RAMFS is a genius idea. That solves most of the SD card health and speed issues without needing to get a whole hard drive. I know Puppy[0] and MX Linux[1] were made to run like that too.

[0] https://puppylinux-woof-ce.github.io/ [1] https://mxlinux.org/

discuss

order

alias_neo|1 year ago

I used to run a Pi as a Wireguard entrypoint to my home network, I made the filesystem read-only and created a RAM disk and moved logs and any other writes to it to protect the longevity of the uSD, it had the added benefit of security of a read-only FS. I'd remount it r/w occasionally and run updates. It ran flawlessly for years (at a time when I was killing a Sandisk uSD in Pis roughly once per week) until I decommissioned it.

zikduruqe|1 year ago

I've been running a public facing weather website on my RPi2 since 2014. I am still on the same SD card since all HTML assets and logs are on tmpfs.

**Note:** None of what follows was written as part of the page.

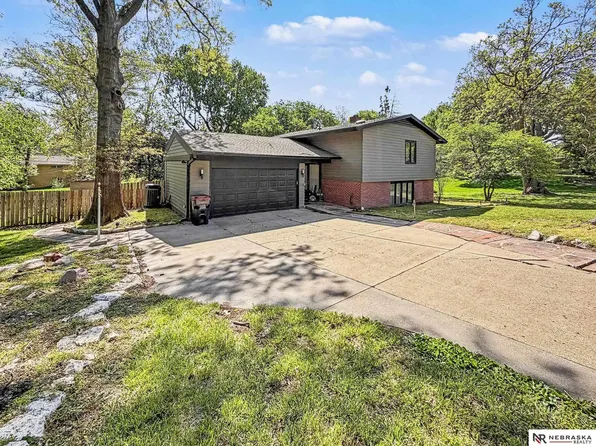 1520 S 3rd Ave, Beatrice, NE 68310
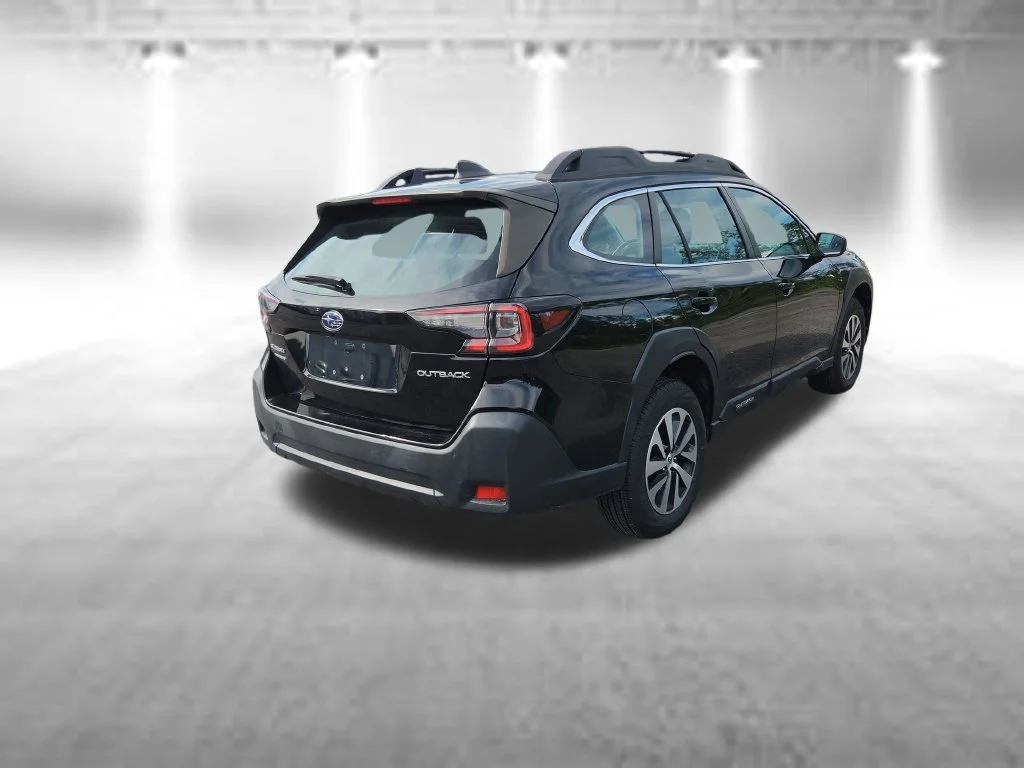 Used 2023 Black Subaru 2.5i image 5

The only thing being written to the SD card are entries to the DB once every 5 minutes.

unglaublich|1 year ago

Your kernel will already cache all IO in memory.

You can decrease the to-disk syncing to e.g. once per day.

```sysctl.conf vm.dirty_writeback_centisecs = 86400000 ```

eGQjxkKF6fif|1 year ago

Thanks for this information. That's actually really helpful for me to know in my server administration dealings. I _hate_ disk IO and disk thrash. I was aware of kernel stuff but completed eluded me that I could modify it. I put it to 7200

JeremyBarbosa|1 year ago

Good point, but I was more talking about distros designed for a smooth day-to-day experience. A user would probably want something like SquashFS (to save space on the SD card) and ZRAM (to conserve RAM) since all their files would be living there.